Requirement: Reproduce the first line of the entries that follow and each later line, word for word, ending with the one containing "Foto del paso".

(Stored entries)
------------------------------------------------------------

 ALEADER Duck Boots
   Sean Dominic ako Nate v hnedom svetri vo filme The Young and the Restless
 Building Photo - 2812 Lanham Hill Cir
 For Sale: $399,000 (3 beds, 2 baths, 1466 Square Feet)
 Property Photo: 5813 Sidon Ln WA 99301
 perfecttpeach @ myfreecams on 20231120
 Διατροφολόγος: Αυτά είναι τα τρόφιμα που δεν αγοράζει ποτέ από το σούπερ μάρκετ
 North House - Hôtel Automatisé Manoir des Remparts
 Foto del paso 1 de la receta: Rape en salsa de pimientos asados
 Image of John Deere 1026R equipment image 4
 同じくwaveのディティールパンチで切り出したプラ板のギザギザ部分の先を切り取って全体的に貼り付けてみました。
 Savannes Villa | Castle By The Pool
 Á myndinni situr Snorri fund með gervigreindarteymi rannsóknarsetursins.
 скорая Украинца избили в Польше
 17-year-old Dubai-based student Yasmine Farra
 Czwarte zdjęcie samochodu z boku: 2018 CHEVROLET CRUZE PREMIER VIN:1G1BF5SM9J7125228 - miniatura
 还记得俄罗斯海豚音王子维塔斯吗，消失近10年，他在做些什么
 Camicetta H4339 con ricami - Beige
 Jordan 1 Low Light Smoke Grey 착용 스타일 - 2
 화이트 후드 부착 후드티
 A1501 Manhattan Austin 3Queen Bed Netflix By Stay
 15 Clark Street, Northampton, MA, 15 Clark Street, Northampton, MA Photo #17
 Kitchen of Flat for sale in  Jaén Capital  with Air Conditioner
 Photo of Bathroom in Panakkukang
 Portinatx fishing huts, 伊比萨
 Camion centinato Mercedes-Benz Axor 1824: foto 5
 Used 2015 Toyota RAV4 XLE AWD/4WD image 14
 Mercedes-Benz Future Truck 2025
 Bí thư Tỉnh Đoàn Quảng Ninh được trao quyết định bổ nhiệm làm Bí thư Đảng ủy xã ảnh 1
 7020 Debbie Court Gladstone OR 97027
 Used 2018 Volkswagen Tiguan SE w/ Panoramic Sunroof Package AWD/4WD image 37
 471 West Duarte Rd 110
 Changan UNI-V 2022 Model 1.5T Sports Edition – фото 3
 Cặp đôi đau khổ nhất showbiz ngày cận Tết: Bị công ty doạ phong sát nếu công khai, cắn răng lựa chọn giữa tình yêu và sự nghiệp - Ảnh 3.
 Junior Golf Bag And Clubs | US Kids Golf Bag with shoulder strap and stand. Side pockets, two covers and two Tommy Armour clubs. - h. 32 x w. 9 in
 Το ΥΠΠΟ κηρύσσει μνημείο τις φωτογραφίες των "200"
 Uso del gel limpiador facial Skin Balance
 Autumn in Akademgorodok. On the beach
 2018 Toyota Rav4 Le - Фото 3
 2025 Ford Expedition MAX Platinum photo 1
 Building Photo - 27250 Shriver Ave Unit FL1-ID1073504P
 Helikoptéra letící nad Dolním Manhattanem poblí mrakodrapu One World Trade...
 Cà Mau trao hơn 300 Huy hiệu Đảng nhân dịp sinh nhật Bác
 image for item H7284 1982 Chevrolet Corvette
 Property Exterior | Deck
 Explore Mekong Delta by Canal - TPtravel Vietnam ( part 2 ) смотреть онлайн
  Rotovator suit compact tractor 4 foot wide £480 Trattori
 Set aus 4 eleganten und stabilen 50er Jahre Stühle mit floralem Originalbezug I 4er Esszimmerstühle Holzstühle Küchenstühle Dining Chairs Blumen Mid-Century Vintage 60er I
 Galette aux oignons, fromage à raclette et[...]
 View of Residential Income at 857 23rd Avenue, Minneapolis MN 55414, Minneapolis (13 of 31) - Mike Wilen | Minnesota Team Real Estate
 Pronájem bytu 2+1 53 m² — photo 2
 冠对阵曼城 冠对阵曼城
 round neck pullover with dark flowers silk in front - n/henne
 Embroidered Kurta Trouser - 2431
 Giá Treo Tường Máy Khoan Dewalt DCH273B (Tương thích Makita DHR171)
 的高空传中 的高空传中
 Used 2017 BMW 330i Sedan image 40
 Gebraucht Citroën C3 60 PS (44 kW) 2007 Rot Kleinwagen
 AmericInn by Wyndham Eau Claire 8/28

------------------------------------------------------------

Answer section:
 ALEADER Duck Boots
   Sean Dominic ako Nate v hnedom svetri vo filme The Young and the Restless
 Building Photo - 2812 Lanham Hill Cir
 For Sale: $399,000 (3 beds, 2 baths, 1466 Square Feet)
 Property Photo: 5813 Sidon Ln WA 99301
 perfecttpeach @ myfreecams on 20231120
 Διατροφολόγος: Αυτά είναι τα τρόφιμα που δεν αγοράζει ποτέ από το σούπερ μάρκετ
 North House - Hôtel Automatisé Manoir des Remparts
 Foto del paso 1 de la receta: Rape en salsa de pimientos asados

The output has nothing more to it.